In short: Typically, services and pods have IPs only routeable by the cluster network. All traffic that ends up at an edge router is either dropped or forwarded elsewhere. An Ingress is a collection of rules that allow inbound connections to reach the cluster services. It can be configured to give services externally-reachable URLs, load balance traffic, terminate SSL, offer name based virtual hosting, and more. Users request ingress by POSTing the Ingress resource to the Kubernetes API server. An Ingress controller is responsible for fulfilling the Ingress, usually with a loadbalancer, though it may also configure your edge router or additional frontends to help handle the traffic in an HA manner.

Traefik is such a reverse proxy and load balancer. It supports several backends (Docker, Swarm mode, Kubernetes, Marathon, Consul, Etcd, Rancher, Amazon ECS, and a lot more) to manage its configuration automatically and dynamically. If you submit an Ingress object to Kubernetes API server, Traefik as Ingress controller will handle this request and configure the proxy for this request accordingly.

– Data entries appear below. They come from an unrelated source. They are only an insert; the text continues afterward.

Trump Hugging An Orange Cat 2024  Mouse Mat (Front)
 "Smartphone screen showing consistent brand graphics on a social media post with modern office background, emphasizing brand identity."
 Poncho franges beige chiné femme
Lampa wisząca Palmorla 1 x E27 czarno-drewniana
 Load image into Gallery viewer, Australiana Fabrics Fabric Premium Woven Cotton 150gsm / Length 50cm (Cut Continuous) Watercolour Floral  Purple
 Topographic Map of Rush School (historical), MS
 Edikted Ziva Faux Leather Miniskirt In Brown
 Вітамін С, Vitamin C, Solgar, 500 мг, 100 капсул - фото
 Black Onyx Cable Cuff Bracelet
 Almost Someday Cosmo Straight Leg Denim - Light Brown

In my previous blog post with Traefik v1 I also used Traefik to dynamically manage Let’s Encrypt TLS certificates to secure the communication between server and client. This is still possible but you need persistent storage to store the acme.json file or the Enterprise version of Traefik if you still want to use etcd as I did in my older blog post. Using the Enterprise Edition of Traefik wasn’t an option for me because the costs are just too high for a private person like me.

With cert-manager exists an option to manage Let’s Encrypt certificates for quite some time. Also cert-manager reached version v1 in the second half of 2020 so it can be considered stable now. cert-manager also supports HashiCorp Vault, Venafi, self signed and internal certificate authorities. So you also get more flexibility. If cert-manager is used with Kubernetes it will install all resources as custom resource definitions (CRDs). So you’ll get new Kubernetes objects like Issuer, Certificate and CertificateRequest. We’ll come back to this topics later.

Install Traefik

I’ve prepared an Ansible role to install Traefik. It’s available at Ansible Galaxy and can be installed via

ansible-galaxy install githubixx.traefik_kubernetes

or you just clone the Github repository in your roles directory:

git clone https://github.com/githubixx/ansible-role-traefik-kubernetes

You also need to have Helm 3 binary installed on that host where ansible-playbook runs. You can either try to use your favorite package manager if your distribution includes helm in its repository or use one of the Ansible Helm roles (e.g. helm or directly download the binary from Helm releases and put it into /usr/local/bin/ directory e.g.) For Archlinux Helm can be installed via sudo pacman -S helm e.g.

Also kubectl should to be installed. It’s normally also available via your package manager or you use my kubectl role. At least you need a proper configured KUBECONFIG which is located at ${HOME}/.kube/config by default (also see Kubernetes the not so hard way with Ansible - Control plane).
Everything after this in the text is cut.